__Task directions__:
Transcribe only part of the material below: the lines from the one containing "Bacon and turkey sandwich with fruit salad" through the one containing "Cozy brick home", inclusive, exactly as written.

__Data for review__:
____________________
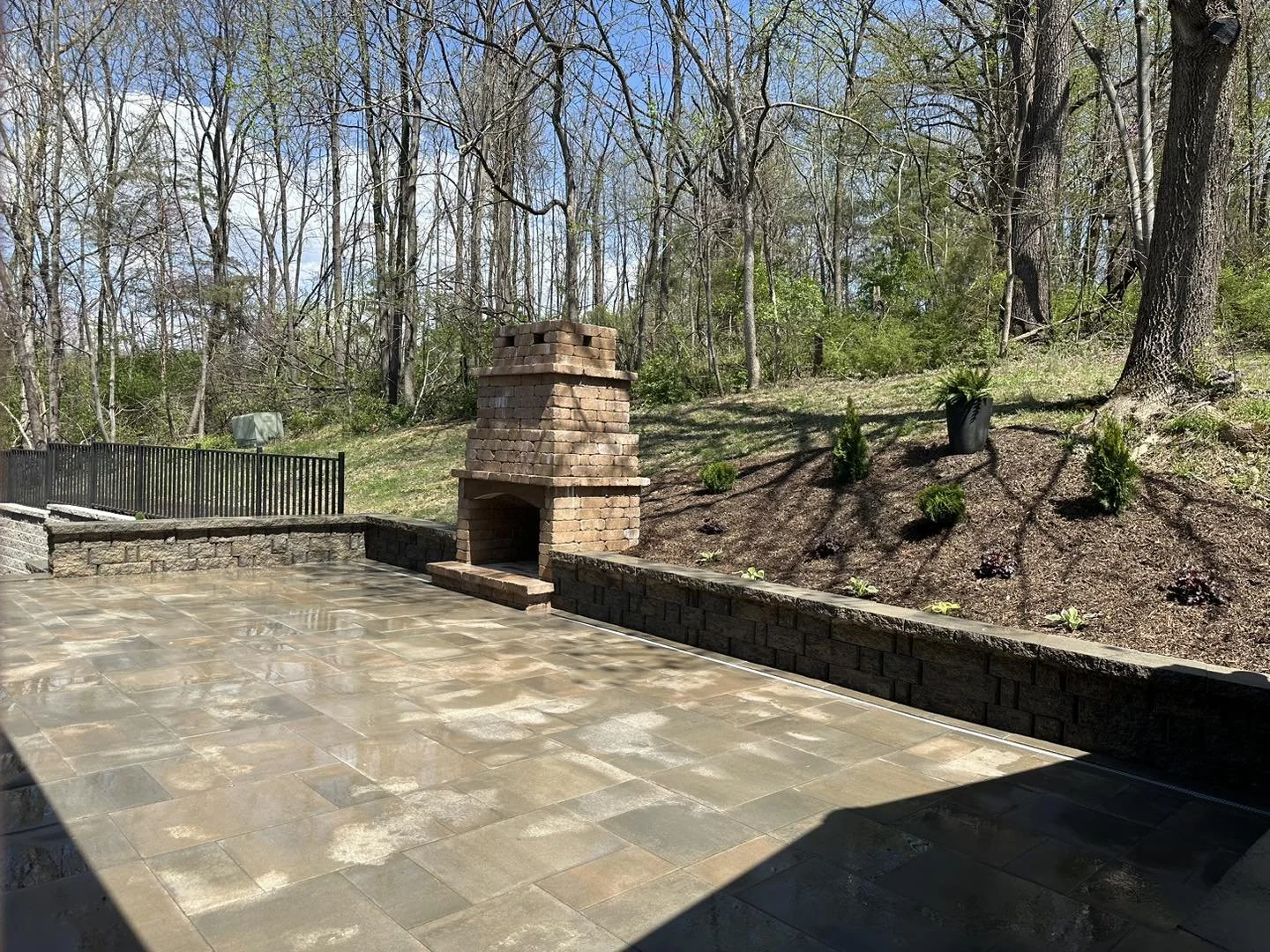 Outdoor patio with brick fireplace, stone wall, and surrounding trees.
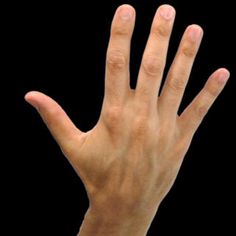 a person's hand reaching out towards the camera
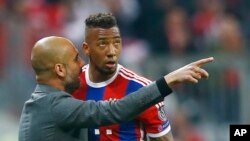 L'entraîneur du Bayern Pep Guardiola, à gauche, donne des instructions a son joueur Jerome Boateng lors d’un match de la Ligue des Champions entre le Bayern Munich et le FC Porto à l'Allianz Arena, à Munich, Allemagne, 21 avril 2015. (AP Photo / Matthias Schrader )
____________________
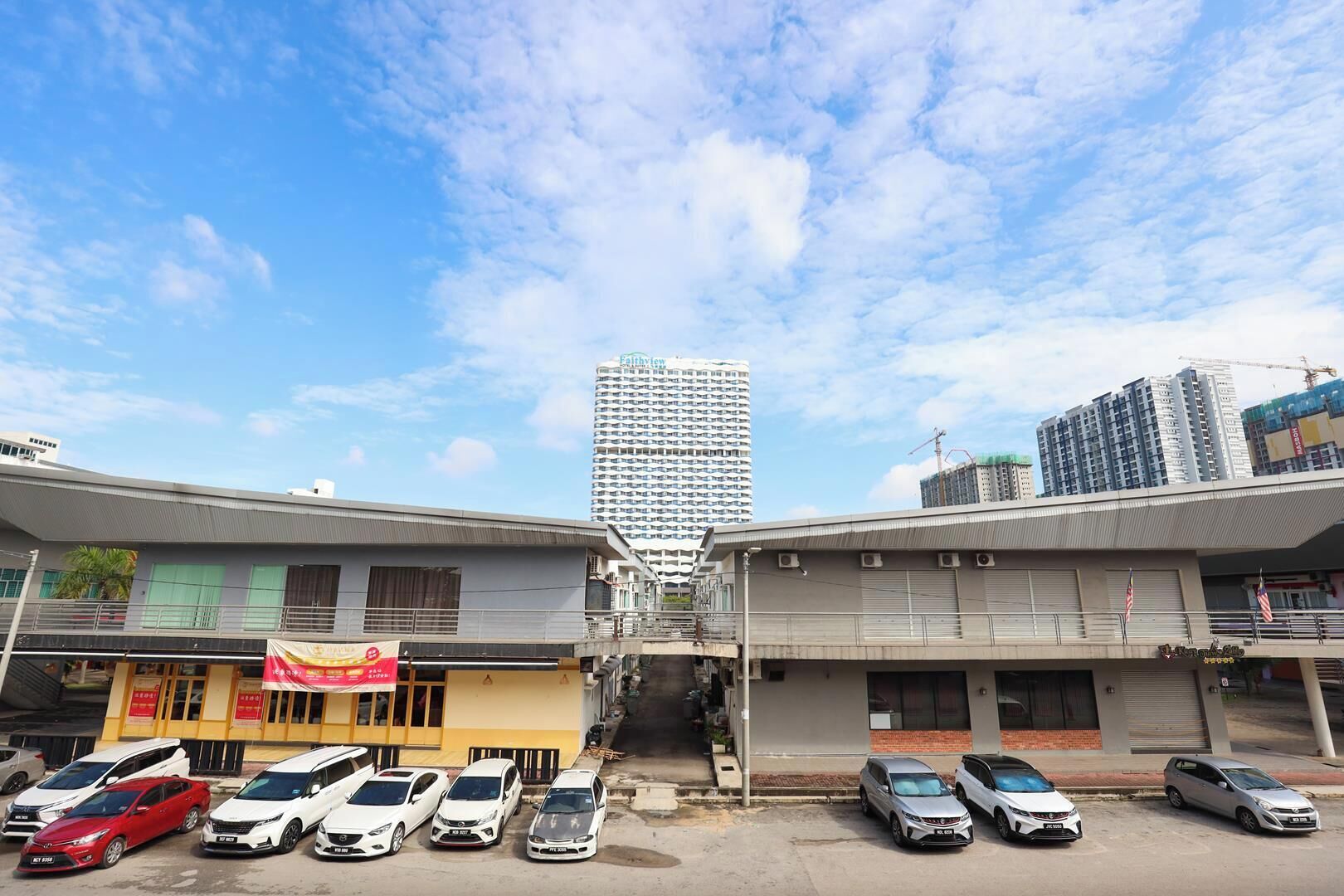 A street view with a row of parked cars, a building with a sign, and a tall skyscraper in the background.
____________________
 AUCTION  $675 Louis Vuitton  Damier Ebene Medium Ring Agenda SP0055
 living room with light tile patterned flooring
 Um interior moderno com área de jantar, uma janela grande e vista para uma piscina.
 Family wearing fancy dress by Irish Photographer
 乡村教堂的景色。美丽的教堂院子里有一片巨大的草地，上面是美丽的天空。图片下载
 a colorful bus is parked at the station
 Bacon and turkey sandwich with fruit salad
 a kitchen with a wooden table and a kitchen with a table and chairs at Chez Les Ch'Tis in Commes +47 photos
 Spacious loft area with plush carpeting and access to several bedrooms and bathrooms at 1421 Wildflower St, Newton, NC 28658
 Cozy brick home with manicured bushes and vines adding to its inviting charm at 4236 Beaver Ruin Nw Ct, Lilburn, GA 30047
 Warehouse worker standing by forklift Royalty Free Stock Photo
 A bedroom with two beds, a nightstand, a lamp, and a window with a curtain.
____________________
__Task response__:
 Bacon and turkey sandwich with fruit salad
 a kitchen with a wooden table and a kitchen with a table and chairs at Chez Les Ch'Tis in Commes +47 photos
 Spacious loft area with plush carpeting and access to several bedrooms and bathrooms at 1421 Wildflower St, Newton, NC 28658
 Cozy brick home with manicured bushes and vines adding to its inviting charm at 4236 Beaver Ruin Nw Ct, Lilburn, GA 30047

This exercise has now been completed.